Confirmation 20 décembre 2021
Commentaire • 0
Sur la décision
| Référence : | CA Basse-Terre, 2e ch., 20 déc. 2021, n° 20/00915 |
|---|---|
| Juridiction : | Cour d'appel de Basse-Terre |
| Numéro(s) : | 20/00915 |
| Dispositif : | Confirme la décision déférée dans toutes ses dispositions, à l'égard de toutes les parties au recours |
Texte intégral
COUR D’APPEL DE BASSE-TERRE
2ème CHAMBRE CIVILE
ARRÊT N° 831 DU 20 DECEMBRE 2021
N° RG 20/00915
N° Portalis DBV7-V-B7E-DILT
Décision déférée à la cour : Jugement du juge des contentieux de la protection du tribunal judicaire de Pointe-A-Pitre, décision attaquée en date du 20 août 2020, enregistrée sous le n° 11-19-000298.
APPELANTE :
S.A. Société Immobilière de la Guadeloupe
Lot n°5, La Rocade,
[…]
[…]
Représentée par Me Laurent Philibien de la Selarl Filao Avocats, avocat au barreau de GUADELOUPE/ST MARTIN/ST BART
INTIMEE :
Madame Y X
[…]
[…]
97110 Pointe-A-Pitre
Représentée par Me Harry Durimel de la Selarl Durimel & Bangou, avocat au barreau de GUADELOUPE/ST MARTIN/ST BART
COMPOSITION DE LA COUR
En application des dispositions de l’article 799 alinéa 3 du code de procédure civile, le conseiller de la mise en état, a autorisé les avocats à déposer leur dossier au greffe de la chambre civile jusqu’au 25 octobre 2021.
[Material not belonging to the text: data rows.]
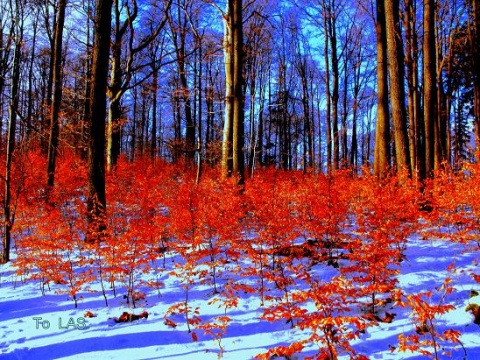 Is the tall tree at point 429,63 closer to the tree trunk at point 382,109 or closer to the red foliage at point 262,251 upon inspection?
the tree trunk at point 382,109

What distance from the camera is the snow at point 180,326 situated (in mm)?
4164

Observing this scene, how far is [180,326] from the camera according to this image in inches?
198

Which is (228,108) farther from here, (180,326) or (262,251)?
(180,326)

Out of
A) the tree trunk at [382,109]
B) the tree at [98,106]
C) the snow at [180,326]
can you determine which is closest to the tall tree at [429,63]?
the tree trunk at [382,109]

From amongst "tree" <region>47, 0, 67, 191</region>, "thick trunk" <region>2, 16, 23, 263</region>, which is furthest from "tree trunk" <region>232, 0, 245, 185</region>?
"tree" <region>47, 0, 67, 191</region>

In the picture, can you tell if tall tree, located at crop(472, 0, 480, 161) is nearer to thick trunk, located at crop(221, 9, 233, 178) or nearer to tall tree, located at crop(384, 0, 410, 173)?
tall tree, located at crop(384, 0, 410, 173)

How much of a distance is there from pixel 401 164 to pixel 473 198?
2.63 meters

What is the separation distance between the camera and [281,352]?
3.92m

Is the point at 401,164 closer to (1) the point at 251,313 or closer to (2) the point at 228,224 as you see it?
(2) the point at 228,224

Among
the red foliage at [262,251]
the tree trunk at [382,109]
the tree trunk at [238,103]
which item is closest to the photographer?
the red foliage at [262,251]

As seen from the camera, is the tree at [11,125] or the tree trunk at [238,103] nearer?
the tree at [11,125]

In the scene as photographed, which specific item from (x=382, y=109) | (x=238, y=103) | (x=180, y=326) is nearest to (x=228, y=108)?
(x=238, y=103)

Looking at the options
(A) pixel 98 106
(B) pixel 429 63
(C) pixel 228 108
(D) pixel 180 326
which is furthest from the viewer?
(C) pixel 228 108

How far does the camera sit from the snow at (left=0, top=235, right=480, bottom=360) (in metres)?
4.16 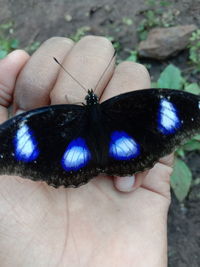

Par avis du 25 octobre 2021 le président a informé les parties que l’affaire était mise en délibéré devant la chambre civile de la cour composée de :
Mme Corinne Desjardins, Présidente de chambre,
Mme Annabelle Cledat, conseillère,
Mme Christine Defoy, conseillère,
qui en ont délibéré.
Les parties ont été avisées à l’issue des débats de ce que l’arrêt serait prononcé par sa mise à disposition au greffe de la cour le 20 décembre 2021.
GREFFIER,
Lors des débats et du prononcé : Mme Armélida Rayapin, greffière.
ARRÊT :
Contradictoire, prononcé publiquement par mise à disposition de l’arrêt au greffe de la cour, les parties en ayant été préalablement avisées conformément à l’article 450 alinéa 2 du code de procédure civile.
Signé par Mme Corinne Desjardins, Présidente de chambre et par Mme Armélida Rayapin, greffier, à laquelle la décision a été remise par le magistrat signataire.
FAITS ET PROCEDURE
Suivant acte sous seing privé du 2 septembre 2014, la société immobilière de la Guadeloupe (la SIG) a donné à bail à Mme Y Z X un logement lui appartenant, sis […] à Pointe à Pitre, moyennant le règlement d’un loyer mensuel d’un montant de 601,15 euros charges comprises.
Le 27 février 2018, le bailleur a fait délivrer à sa locataire un commandement de payer visant la clause résolutoire, la mettant en demeure d’avoir à régler la somme principale de 2.068,84 euros au titre des loyers échus et impayés au 22 février 2018.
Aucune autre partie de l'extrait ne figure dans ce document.